So, basically I'm pretty sure I see at least one or two serious bugs. 1. different shape of tuple passed around as a "verinfo" from !MDMFSlotWriteProxy than from !SDMFSlotWriteProxy or !MDMFSlotReadProxy, and 2. d2 = reader.get_verinfo(); d2.addErrback(…). However, I don't understand how the latter isn't already showing up as unit test failures and common failures of mutable file operations. And, I don't understand the full scope of these two -- under what conditions they strike and what their consequences are.

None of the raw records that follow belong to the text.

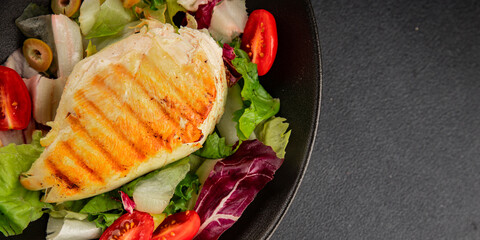 Grilled chicken breast salad chicken breast tomato, green leaf lettuce, salad mix snack vegetables snack gourmet food background on the table rusticcopy space keto and paleo diet vegan and vegan food
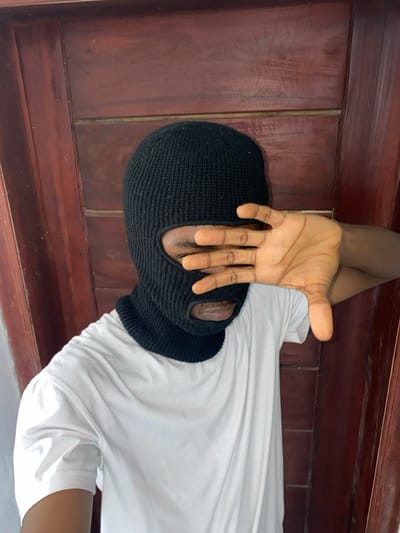 The image displays a single individual in Joma, Ghana, positioned against a background of reddish-brown wooden paneling. The individual is wearing a black knitted balaclava that covers the entire head and face, with openings for the eyes and mouth. A plain white, short-sleeved t-shirt is visible. The person's right hand is raised, palm outwards, with fingers slightly spread, partially obscuring the eye openings of the balaclava. The visible skin on the hand and through the balaclava openings is dark-toned. The wooden background shows visible grain and appears to be composed of vertical planks with horizontal joints.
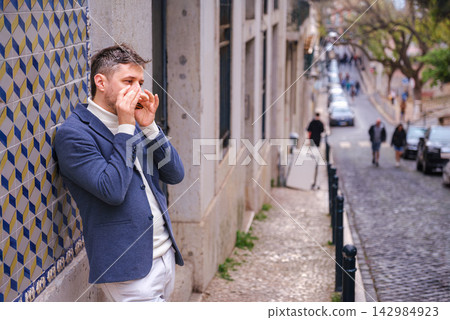 Man plays harmonica outdoors in city street Man plays harmonica outdoors in city street 142984923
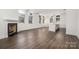 Spacious open-concept area with a fireplace, kitchen island, high ceilings, and large windows at 229 N Church St # 100, Charlotte, NC 28202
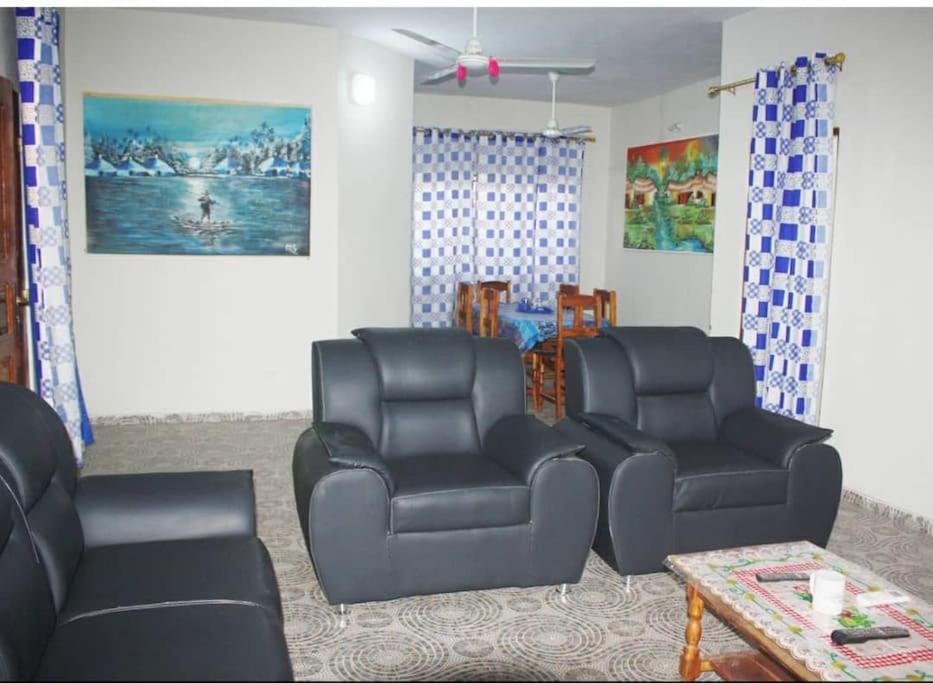 a living room with two black chairs and a table at Maison d'hôte avec paillote in Palimé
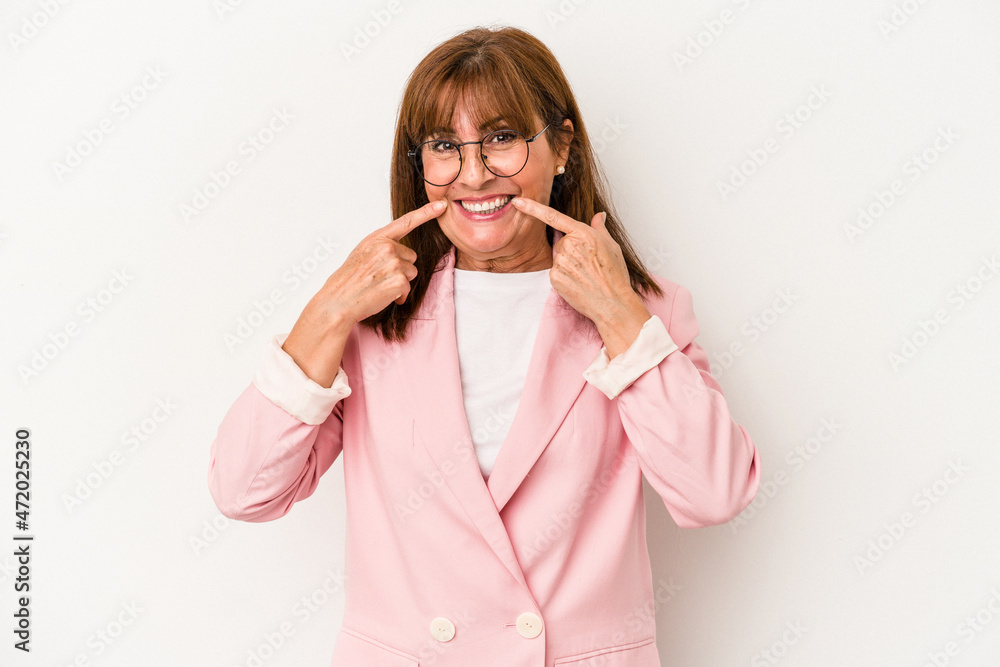 Middle age caucasian woman isolated on white background smiles, pointing fingers at mouth. Middle age caucasian woman isolated on white background smiles, pointing fingers at mouth.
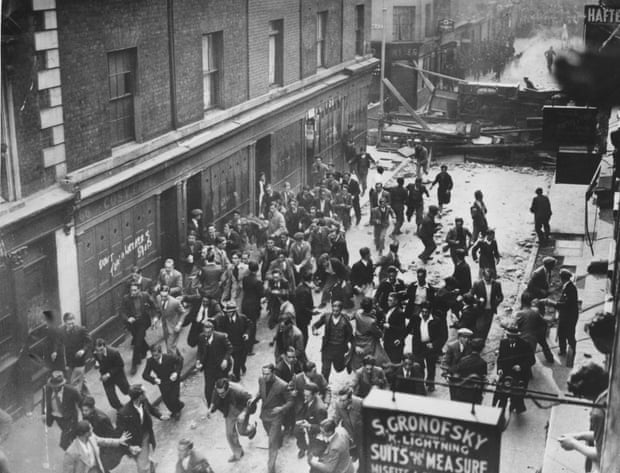 Demonstrators flee as police break down a barricade in Cable Street during the battle.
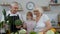 Grandchild girl with senior grandparents recommending eating raw vegetable food. Nutrition diet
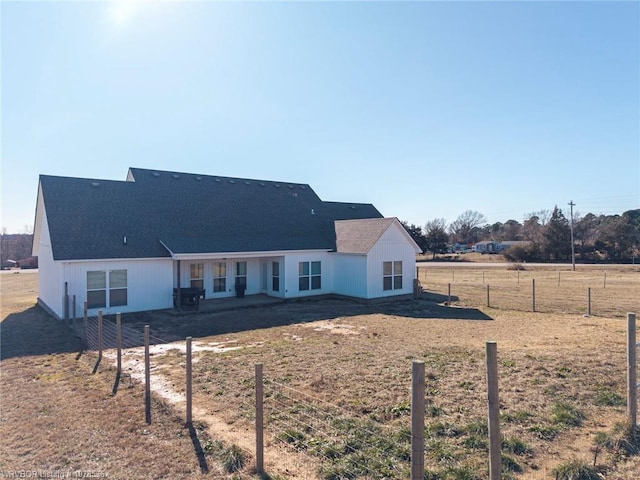 view of front of home with a rural view and fence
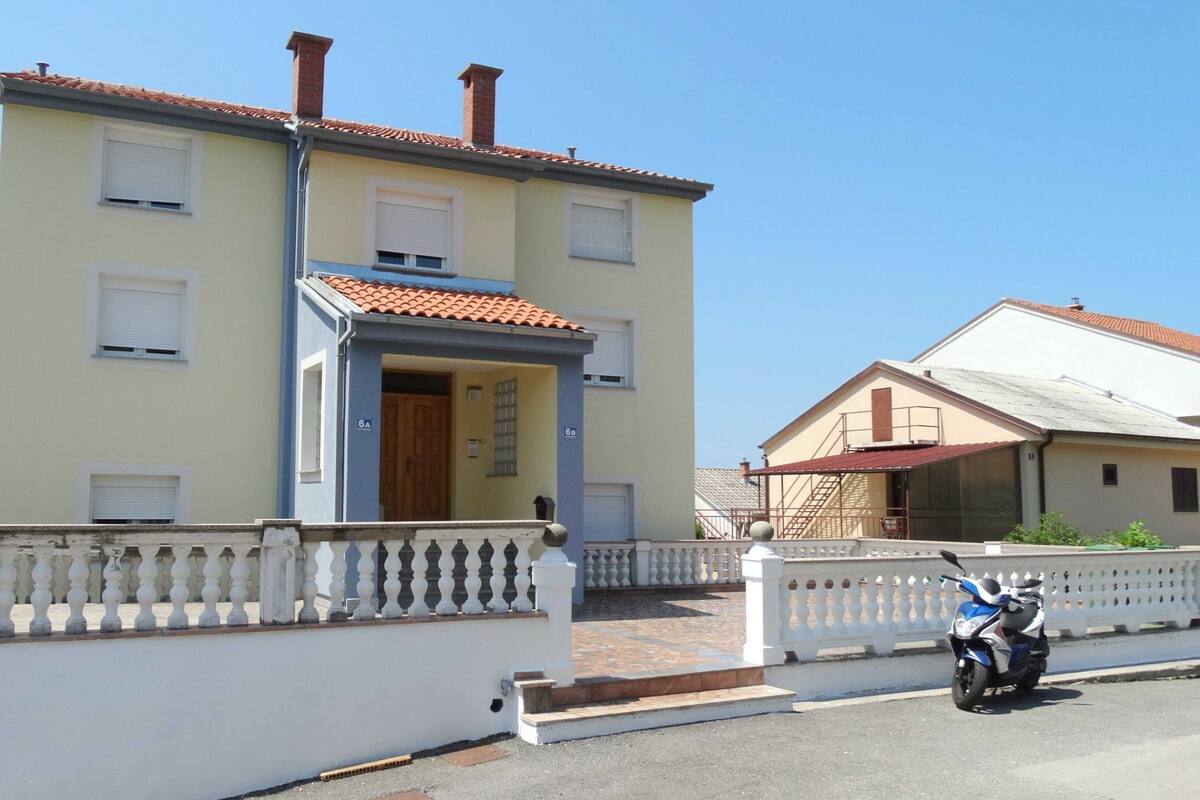 A two-story building with a tiled roof, a balcony with balustrades, and a motorbike parked in front.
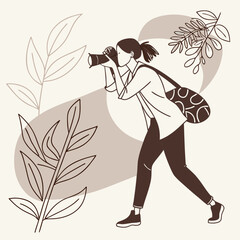 Fototapeta premium A woman captures the beauty of nature through her camera lens while walking outdoors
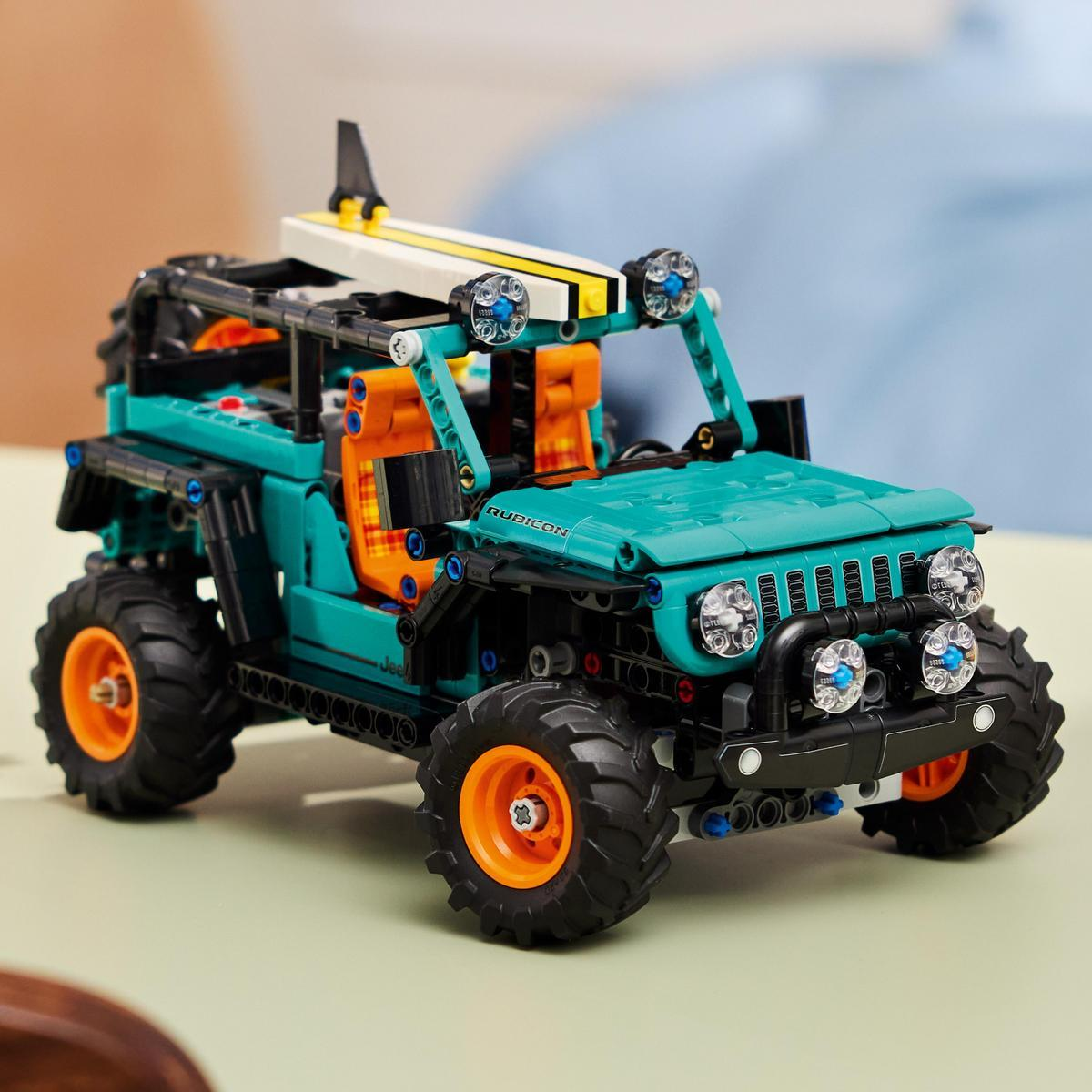 Miętowy Jeep Rubicon Lego Technic z pomarańczowymi siedzeniami i deską surfingową.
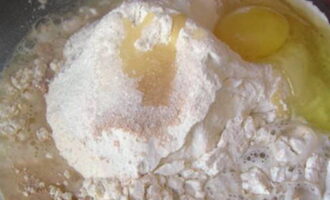 Замешиваем тесто для пирожков. Для этого в отдельную посуду насыпаем просеянную муку, добавляем к ней нужное количество соли с сахаром, сухих дрожжей, разбиваем одно яйцо и наливаем теплую воду с растительным маслом. Руками замешиваем тесто до однородного состояния, и чтобы получилось эластичным и мягким. Тесто прикрываем салфеткой и ставим на 2 часа в теплое место.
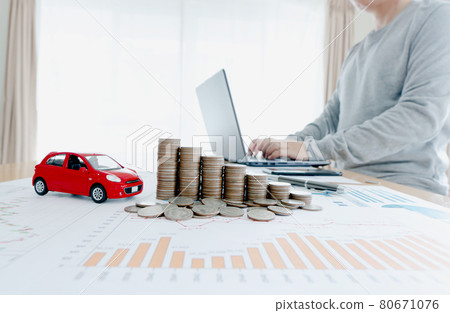Businessman use laptop near the table with stacked of coins and car model , graph and glasses, investment Businessman use laptop near the table with stacked of coins and car model , graph and glasses, investment 80671076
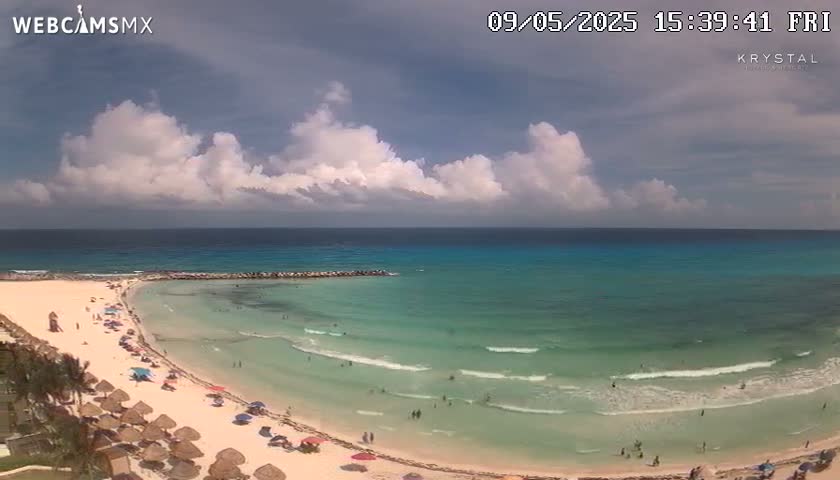 A partly cloudy day shows a beach with light waves, turquoise water, and many people swimming and relaxing under beach umbrellas.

Unsetting my ownership of this ticket since I'm going to bed and I no longer mind if you snatch it out from under me. :-)
Changed at 2012-06-19T03:49:07Z by zooko
comment:14 Changed at 2012-06-19T12:54:26Z by zooko
- Owner changed from nobody to zooko
- Status changed from new to assigned
Taking this ticket back...
comment:15 Changed at 2012-06-20T15:55:00Z by zooko
Here's a patch against 1.9.2 which I don't intend to commit for the actual 1.9.2 release. Probably we could use this patch to finish understanding the scope of the bug, commit some variant of this patch to trunk (I like Brian's suggestion to replace the verinfo tuple with an object), and then commit some subset or minimized variant of this patch to 1.9.2.
Also, there's one test failure that I don't understand.
Changed at 2012-06-20T15:55:28Z by zooko
comment:16 Changed at 2012-06-21T02:45:37Z by zooko
Update: I think that the only place the 8-tuple "verinfo" could get generated and passed around is here. However, tracing backwards to see what could have led to that line of code, the only thing that can lead to that code is someone updating an MDMF by changing only part of it, and the only time that is ever done is if someone uses the WAPI to do so. I doubt that anything vikarti did, and certainly not a deep-check, was doing that, which leads me to think that the 8-tuple "verinfo" must have gotten generated and passed around in some other way.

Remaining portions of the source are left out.